Jessa raises her visor and kisses him. She grabs a
pair of pruners and a bucket and turns to me. Her eyes are bright
after the kiss. She snaps her visor back in place.

“You up for irrigation monitoring today?”

I sigh. “Again?”

“It beats fertilizer testing.”

That is true. All the colony’s fields are fertilized
with pelagic sediment. At least that’s what the marine biologists
call it. We call it “the ooze.” Or “the crud.” Or the “gross stuff
on the ocean floor.” The ocean floor at this depth has this layer
of shells, animal skeletons, and decaying plants and stuff. It’s
yellowish, and well, oozy. There are people whose job it is to go
out and actually harvest the stuff. Blech. At least that hasn’t
been one of my many vocations.

When it’s my day to do fertilizer testing, I just
stand around vats of the stuff with big rubber gloves up to my
shoulders and poke around in it and take samples to test to make
sure it’ll help our veggies be good for us. Then I usually start
thinking about how eating one our tomatoes is just like slurping a
big glass of the ooze. Gross. Best not to think of it. Better yet,
best not to even be on the fertilizer testing schedule. I might
need a vocation change sooner than I thought.

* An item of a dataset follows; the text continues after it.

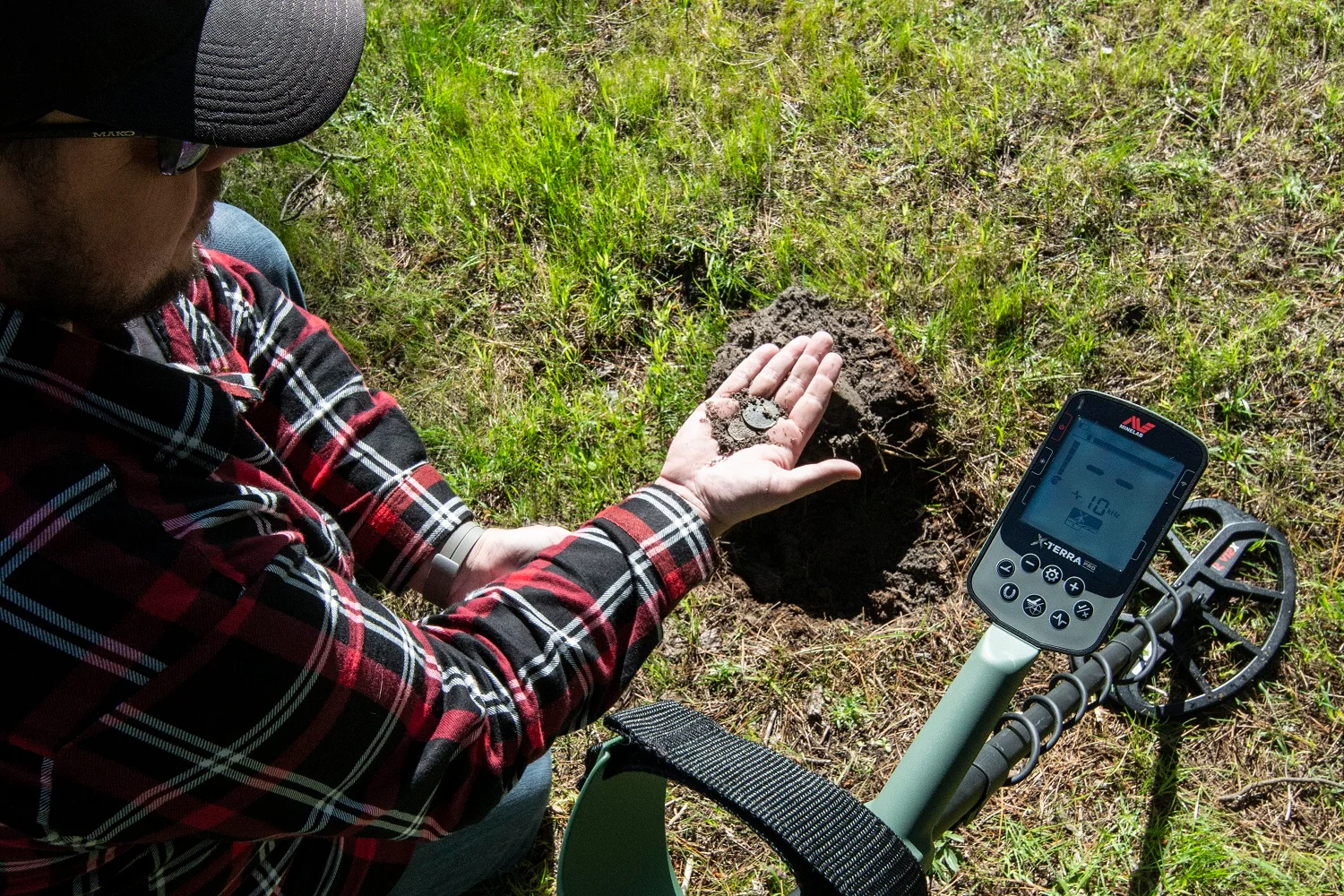 X-Terra Pro Metal detector with 12 " DD Smart coil - Image 8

But I suck it up and go into Field #3 with Jessa and
Brant. The field is full of corn. Brant walks around with the
aerator, poking holes in the soil around each plant, being
meticulous not to damage roots. Brant definitely has what it takes
to be a good agriculturist, and I admire him for it. He knows what
he wants and goes for it. He never founders.

Jessa takes her pruners and cuts off any dead or
sad-looking plant parts and puts them in the bucket. They’ll go to
fertilizer processing to be added to the composter. Jessa is pretty
good at farming, too. Not like Brant—he definitely has the touch.
Her speciality is fertilizers and stuff like that, how to feed the
plants to make them the most nutritionally dense. Jessa actually
likes
being on fertilizer testing. She has my mom’s knack
for nutrition.

I make sure that all the plants are equally watered
and then adjust the irrigation system controls. Even though I could
give her a hard time about it, I appreciate Jessa giving me this
job. It requires the least amount of finesse.

As I examine the soil around a plant with browning
leaves, Jessa sidles up next to me, absently trimming at the same
plant with her pruners.

“For real, Terra, what was bugging you back
there?”

I sigh. The temperature control in my suit whirs to
life as the thermometer reaches 75 degrees. Except during
exercises, I don’t think I have ever sweat a day in my whole life.
Everything around here is micromanaged.

“Do you ever feel trapped down here? Like there’s
nowhere to go except where everyone else wants you to?”

“It hasn’t gotten any better, has it?”